Sounds like the citrus leaf miner. It won't usually affect the fruit but does make the tree look ugly. Check with the nursery, but I think spraying with Rogor will fix this. (If you think it's worth the trouble and expense!)
 
Sounds like the citrus leaf miner. It won't usually affect the fruit but does make the tree look ugly. Check with the nursery, but I think spraying with Rogor will fix this. (If you think it's worth the trouble and expense!)
I wouldn't suggest Rogor. White oil will fix it or even spray with diluted whole milk. Needs to be repeated after about ten days.
 
Such tricky things these plants - maybe it's all the hard rock music my 80 year old mum plays them into the early hours of the morning :cool:
 
I wouldn't suggest Rogor. White oil will fix it or even spray with diluted whole milk. Needs to be repeated after about ten days.
Agree Rogor is pretty heavy duty stuff. However, my suggestion was based on my father's fantastic fruit trees which always looked beautiful and bore heavy crops each year. He regularly sprayed them with Rogor and found that the white oil etc was ineffective.
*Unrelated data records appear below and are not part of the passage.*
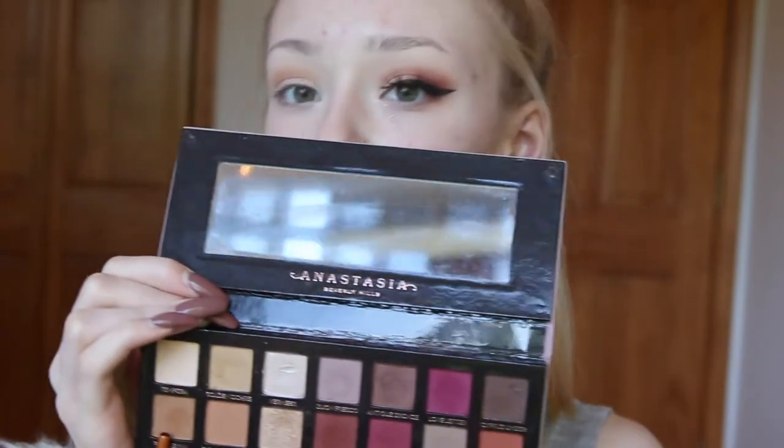Next I am going to be taking my Anastasia Modern Renaissance Palette and I am going to be using the shade Golden Ochre. I am going to be applying that to the crease and slightly above and this is going to be my transition shade. Next I am going to be taking the shade Raw Sienna and applying that to the outer portion of the lid and blending it towards the center.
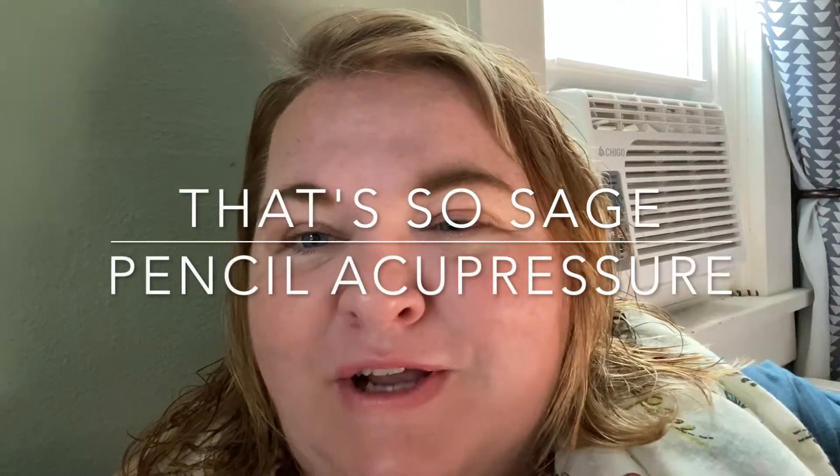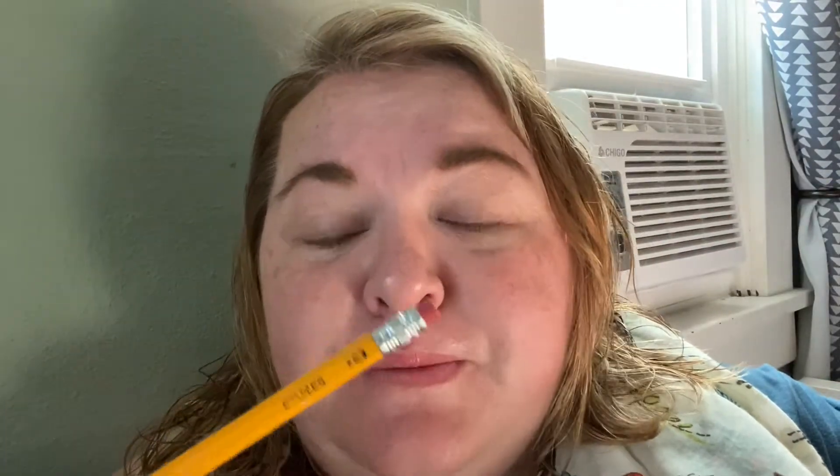Hi there, Rachel from the Youth Center. You should have received one of these super cheap, brand new pencils. And we're going to be doing acupressure with pencils today.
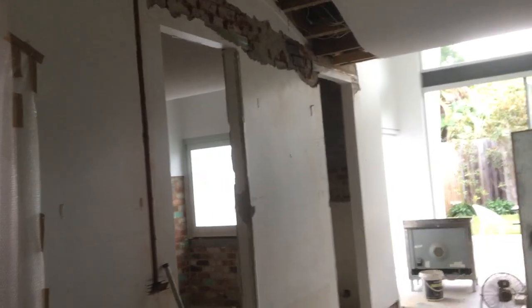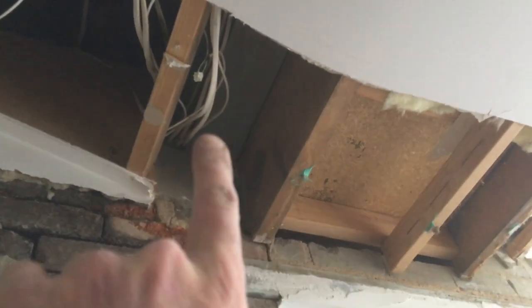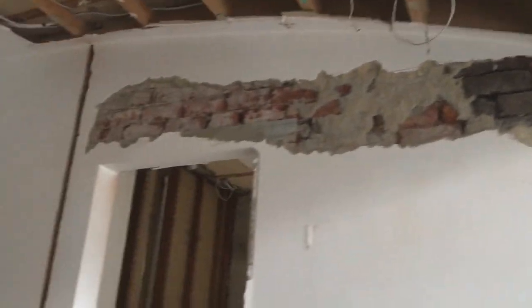Hey YouTube, just wanted to show you today pulling out a wall. This wall is load-bearing — right here in the center between the two doors. Up here you'll see a steel I-beam, you can see it right there, and that is holding up the entire ceiling. Also this one over here, you can see it better there. So basically this wall here is completely load-bearing, so what I've done is exposed the brick so we can see what's going on.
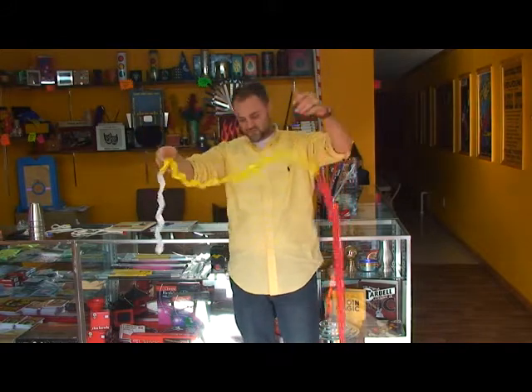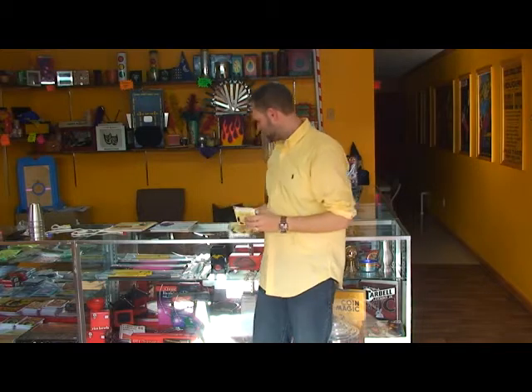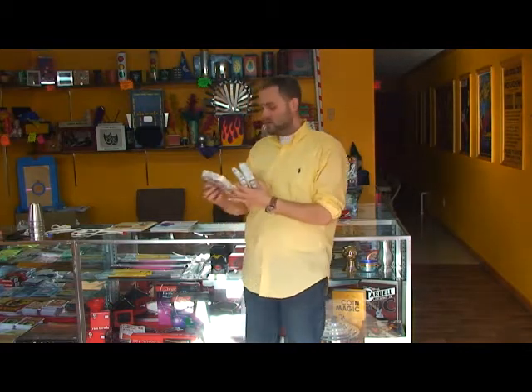Now we've got these in three different sizes. We have the standard color coils, and we have a listing there on the side of the exact size of all of them. If you need something a little bit smaller, we have the Color Coils Junior, and if you want some great big ones, then we have Color Coils Senior.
I've had the same experience with trying to get rid of black sooty mould on Gardenias and Ixoras. Milk, White Oil in repeated applications made not one bit of difference. Two sprays with Rogor and they are fine. Ditto grasshoppers which were defoliating the basil. All the usually suggested remedies just seemed to make the stuff more tasty for them. A light spray of Rogor and that was the end of them. Didn't need to redo it.
 
Are they seasonal in their laying habits, then?

Chooks are naturally in the habit of coming into lay as the daylight time lengthens and going off the lay as the daylight time decreases. That is why commercial producers have the lights on as the daylight decreases to fool the chooks into keeping on laying. That way we get a lower average price for the eggs we buy than would otherwise be the case. It is also the reason why free range eggs are dearer, especially in the autumn and winter months.
 
Are they seasonal in their laying habits, then?

Hi Julia

We have Australorps and Shaver Reds and both are great layers. From our experience they don't have a "season" as much. They had been laying very well all winter until about a month ago.

You may have heard the expression "gone off the lay" - sudden changes in conditions or climate affect our chooks. For example, about a month ago was when we started to experience some big heavy frosts and the daytime temperatures were right down as well.

Conversely large increases in temperature in summer knocks the egg laying around.

We bought 4 ducks recently and I've been battling them in my vege garden. They love my brocolli leaves. I have to admit they have have been a blessing in disguise. They stripped the plants bare (however I had been battling with catepillars) the brocolli has come back stronger than ever - pest free.

As for new plantings once I'm sure the frosts are truely over - I'll plant my tomatoes, golden squash, zuchinni and beans. Currently we have potatos, beetroot, silverbeet, snow peas, rhubarb, radish, cos lettuce and pakchoi under various stages of production.

Duckman
 
Wow, Duckman, what a great sounding garden. I'm in awe, especially with everything else you have on your plate at present!

And thanks for explaining about the feathered creatures. Don't think they'd last too long here. I found a dead bird recently.